* What you should do: Check every line of the data below for the string "white", and copy the ones that hold it.

┌─ Records provided

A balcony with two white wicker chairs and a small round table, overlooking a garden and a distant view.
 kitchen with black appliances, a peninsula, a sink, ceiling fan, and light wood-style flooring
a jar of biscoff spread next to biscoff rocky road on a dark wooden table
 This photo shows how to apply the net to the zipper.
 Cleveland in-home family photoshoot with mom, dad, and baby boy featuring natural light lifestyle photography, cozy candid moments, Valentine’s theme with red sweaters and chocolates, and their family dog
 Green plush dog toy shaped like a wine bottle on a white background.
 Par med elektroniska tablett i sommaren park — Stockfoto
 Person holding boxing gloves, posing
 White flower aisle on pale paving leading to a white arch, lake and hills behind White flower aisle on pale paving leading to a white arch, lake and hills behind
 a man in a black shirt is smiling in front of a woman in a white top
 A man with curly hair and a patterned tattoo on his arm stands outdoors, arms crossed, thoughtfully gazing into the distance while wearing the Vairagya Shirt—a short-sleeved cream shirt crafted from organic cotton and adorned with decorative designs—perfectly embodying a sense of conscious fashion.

└─

* Exercise output:
A balcony with two white wicker chairs and a small round table, overlooking a garden and a distant view.
 Green plush dog toy shaped like a wine bottle on a white background.
 White flower aisle on pale paving leading to a white arch, lake and hills behind White flower aisle on pale paving leading to a white arch, lake and hills behind
 a man in a black shirt is smiling in front of a woman in a white top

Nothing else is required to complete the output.